[GIVEN DATA — start]

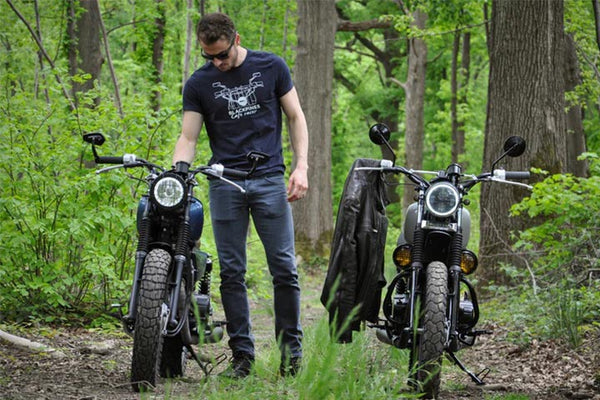 Wie verwandelt man eine 125er für 1.500 € in eine Scrambler?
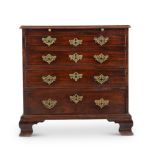 A GEORGE II MAHOGANY CHEST OF DRAWERS, MID 18TH CENTURY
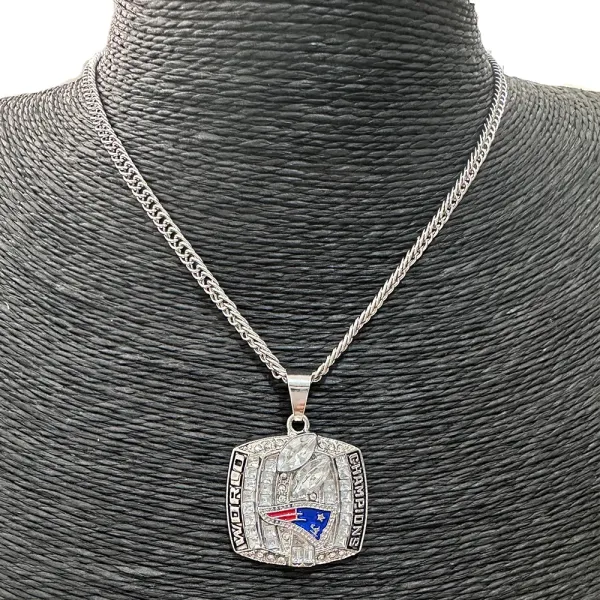 New England Patriots Super Bowl Champions Pendant Necklace Silver Multicolor Jewelry - 6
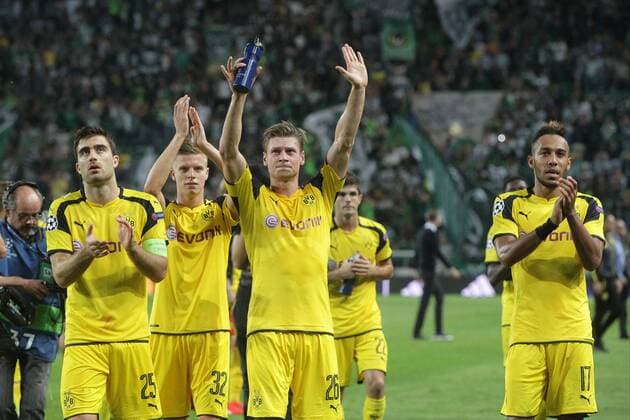Papastathopoulos Sokratis (Borussia Dortmund 25) Dzenis Burnic (Borussia Dortmund 32) Lukasz Piszczek (Borussia Dortmund 26)nach dem Sieg , Sporting Lissabon vs. Borussia Dortmund , Fussball, Champions League, Gruppenphase, 18.10.2016, Lissabon Copyright: xLanger Eibner-Pressefotox EP_HLR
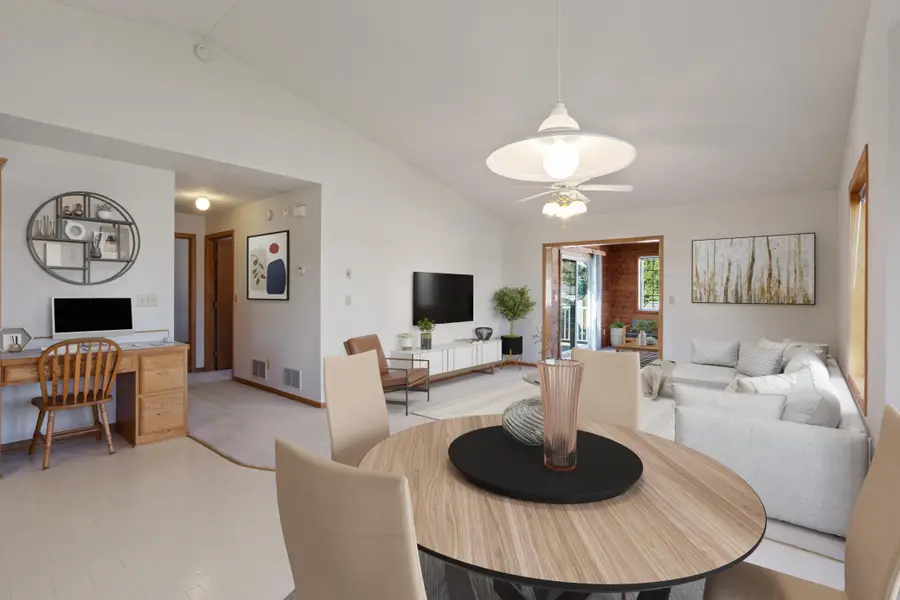 745 Sterling Court, Mahtomedi, MN 55115 - Image #3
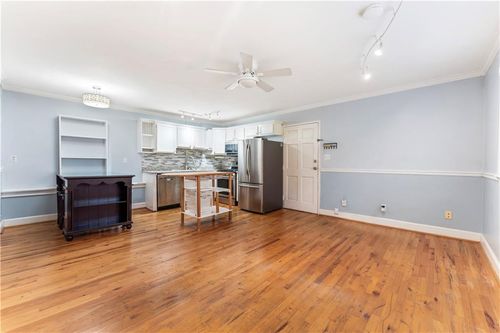 7-870 Glendale Ter Ne, Atlanta, GA, 30308-1618 | Card Image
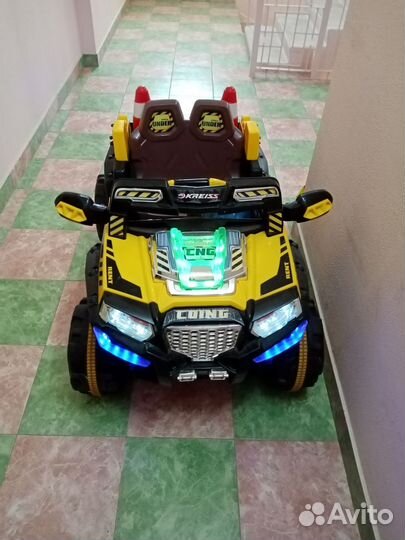 Детский электромобиль бу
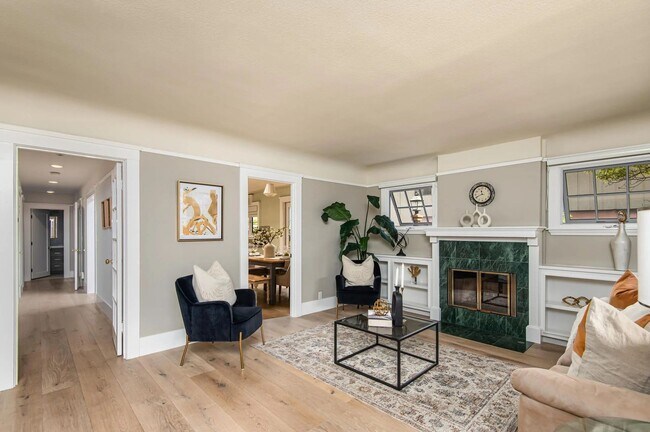 Building Photo - Updated 3BD/2BA Menlo Park Home with French Oak Floors + Bonus Room
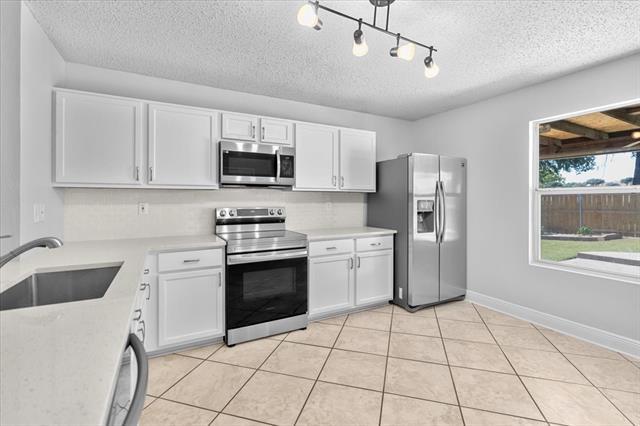 Photo - 1014 Mazourka Dr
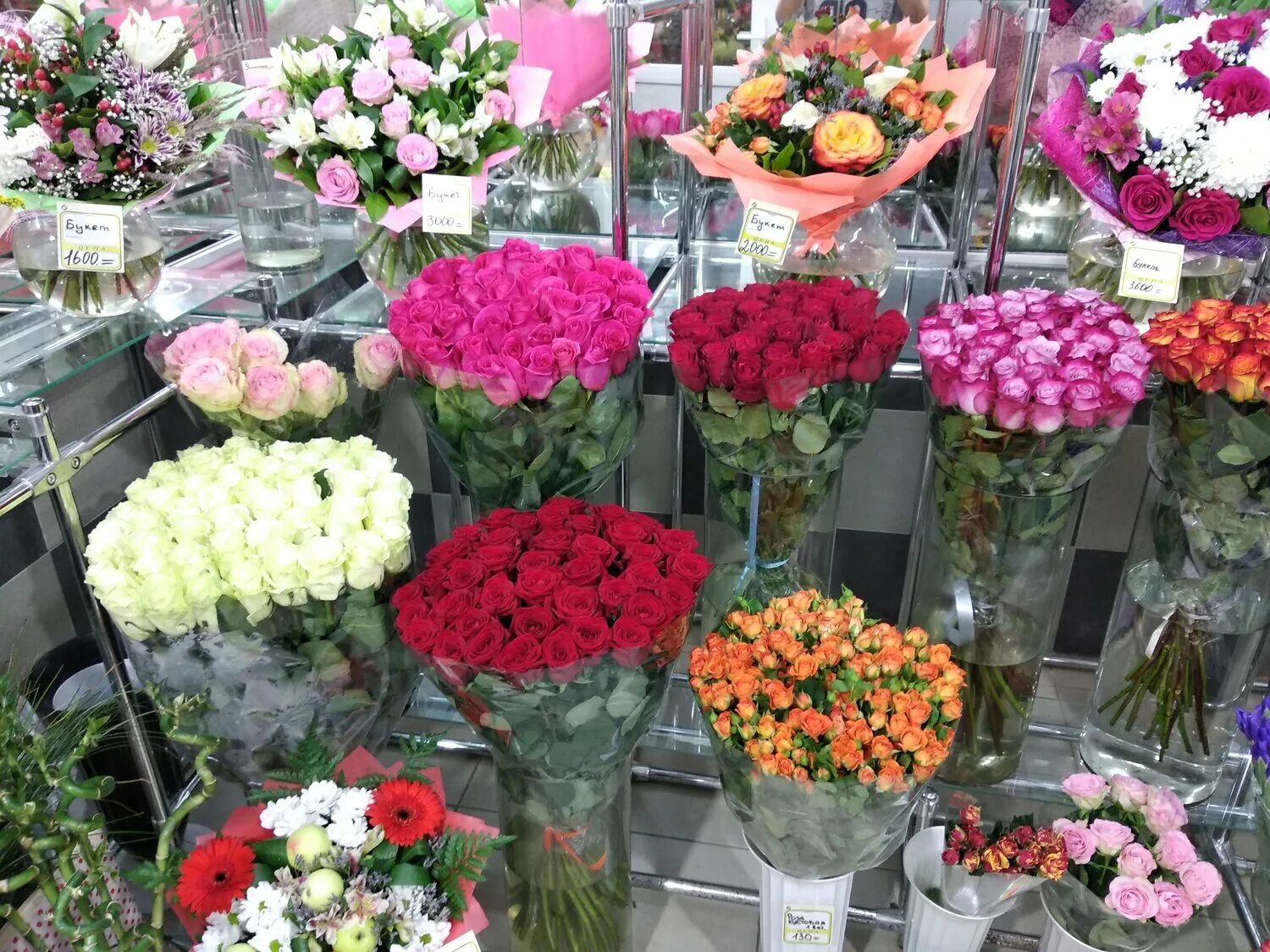 Ип цветочный магазин. Цветы в магазине. Букеты цветов в магазине. Распространенные цветы в цветочных магазинах.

[GIVEN DATA — finish]

WHAT YOU HAVE TO DO: If a record holds a picture, drop the picture and return the rest of it exactly.

REPLY:
 Wie verwandelt man eine 125er für 1.500 € in eine Scrambler?
 A GEORGE II MAHOGANY CHEST OF DRAWERS, MID 18TH CENTURY
 New England Patriots Super Bowl Champions Pendant Necklace Silver Multicolor Jewelry - 6
Papastathopoulos Sokratis (Borussia Dortmund 25) Dzenis Burnic (Borussia Dortmund 32) Lukasz Piszczek (Borussia Dortmund 26)nach dem Sieg , Sporting Lissabon vs. Borussia Dortmund , Fussball, Champions League, Gruppenphase, 18.10.2016, Lissabon Copyright: xLanger Eibner-Pressefotox EP_HLR
 745 Sterling Court, Mahtomedi, MN 55115 - Image #3
 7-870 Glendale Ter Ne, Atlanta, GA, 30308-1618 | Card Image
 Детский электромобиль бу
 Building Photo - Updated 3BD/2BA Menlo Park Home with French Oak Floors + Bonus Room
 Photo - 1014 Mazourka Dr
 Ип цветочный магазин. Цветы в магазине. Букеты цветов в магазине. Распространенные цветы в цветочных магазинах.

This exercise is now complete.